Sprachenstreit an der Volksschule

Heftiger Protest von Eltern um türkischsprachigen Integrationsunterricht von Kindern an der Wörgler Volksschule. Der Stadtrat will klärendes Gespräch mit der Direktorin führen.

Von Wolfgang Otter

Wörgl –Wenn es um türkischen Sprachunterricht geht, wird es an der Volksschule Wörgl kompliziert. Zum einen wurde die Startsprachklasse durch einen Protest der Eltern der türkischsprachigen Kinder verhindert. Zum anderen sorgt nun der integrative Sprachunterricht an der Volksschule I für Aufregung. Ja, sogar bis in den Nationalrat hat es das Thema durch eine Anfrage zu diesem Thema durch FPÖ-NR Gemeinderätin Carmen Gartelgruber geschafft. Zentrale Frage dabei ist: „Müssen Kinder in der Wörgler Volksschule Türkisch lernen?“ (die TT berichtete).

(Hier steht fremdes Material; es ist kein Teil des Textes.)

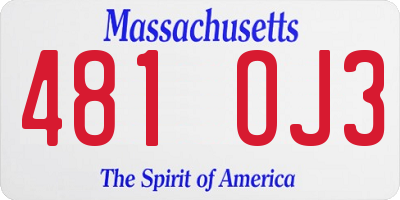 MA license plate 481OJ3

Eine Frage, die aufgrund massiven Protests der (nicht türkischsprachigen, aber auch nicht nur deutschsprachigen) Eltern und einer Wortmeldung von GR Gartelgruber sogar in der jüngsten Sitzung des Wörgler Gemeinderats ihren Niederschlag fand. „Die Kinder müssen das nicht machen“, wusste Bürgermeisterin Hedi Wechner (SPÖ), die Gartelgruber vorwarf, „den Nationalratswahlkampf hier hereinzutragen“. Sie stellte auch klar, dass die „Stadt nur Schulerhalter ist und in diesen Dingen kein Mitspracherecht hat“. Trotzdem habe man nun die Direktorin Isabella Mölk zum Gespräch in den Stadtrat eingeladen.

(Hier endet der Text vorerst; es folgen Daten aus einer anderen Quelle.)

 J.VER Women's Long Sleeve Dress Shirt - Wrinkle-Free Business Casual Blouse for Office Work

Eltern hatten sich beschwert, dass in der integrativen Schulstunde auch Türkisch gesprochen wird, „und es keine Möglichkeit für die Kinder gibt, einen Alternativunterricht zu besuchen“, sagte Gartelgruber. Die Direktorin habe zwar beim Elternabend abstimmen lassen, aber der Anteil der Eltern von Schülern mit Migrationshintergrund habe den Überhang. „Da wird über Eltern drübergefahren“, will Gartelgruber wissen. Auch BM-Stv. Evelin Treichl (VP) räumte ein, „dass es etwas unglücklich gelaufen ist und es Missverständnisse gegeben hat. Die Direktorin hat beim Klassenabend mit ihrer Art der Integration keinen guten Dienst erwiesen“, meinte Treichl. Es sei auch nicht gut angekommen, dass die Startsprachklasse aufgrund der Proteste nicht stattfand, „aber in diesem Fall die Eltern nicht mitbestimmen können“. Integrationsreferent Christian Kovacevic (SPÖ) hingegen wies auf den Wert des integrativen und gesetzlich klar geregelten Sprachunterrichts hin und Christian Feiersinger (Team Wörgl) meinte, dass es ihn schon seit Jahren problemlos gebe.

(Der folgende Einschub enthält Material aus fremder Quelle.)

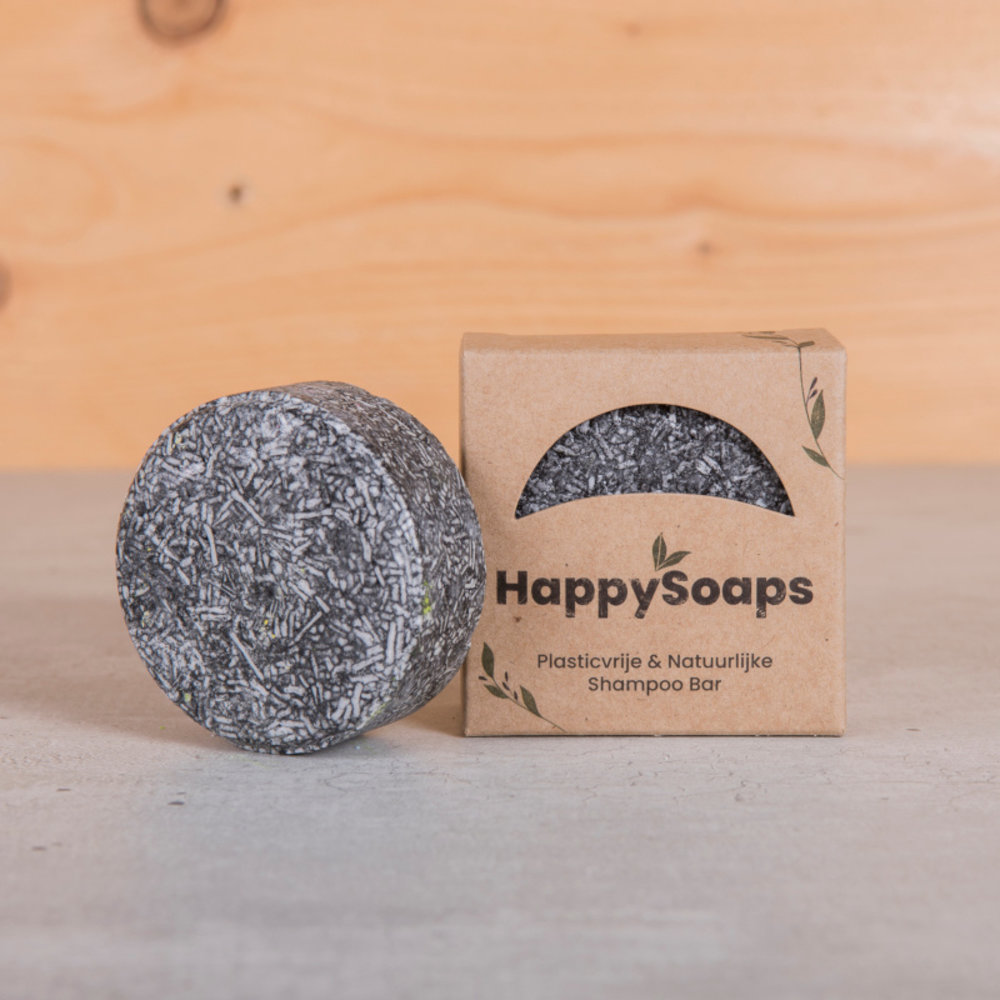 HappySoaps Happysoaps - shampoo bar - charming charcoal & sweet sandal (70g)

„Der Unterricht findet natürlich in Deutsch statt, es gibt einen türkischsprachigen Stützlehrer, der den Kindern hilft. Es handelt sich nur um eine von 22 Stunden“, stellt VS-Direktorin Isabella Mölk klar und betont, wie wichtig diese Unterrichtsform für die sprachliche Entwicklung der Kinder sei. Dies habe sie auch in einem Elternbrief mitgeteilt. Noch eines berichtigt sie: „Es gibt keinen Alternativunterricht dazu.“ Eigentlich wollte sie das bereits fünf Jahre an der Schule bewährte Modell aufgrund der Proteste heuer gar nicht mehr durchführen. Aber andere Eltern hätten am Klassenabend der drei ersten Klassen die Abstimmung gewünscht. Das Ergebnis sei ganz klar gewesen: 40 stimmten mit Ja, sieben mit Nein, „und da waren auch viele deutschsprachige Eltern darunter“. Die Volksschule I sei eine Schule des Miteinanders, „wir haben akzeptiert, dass es verschiedene Sprachen gibt und versuchen sie einzubauen“.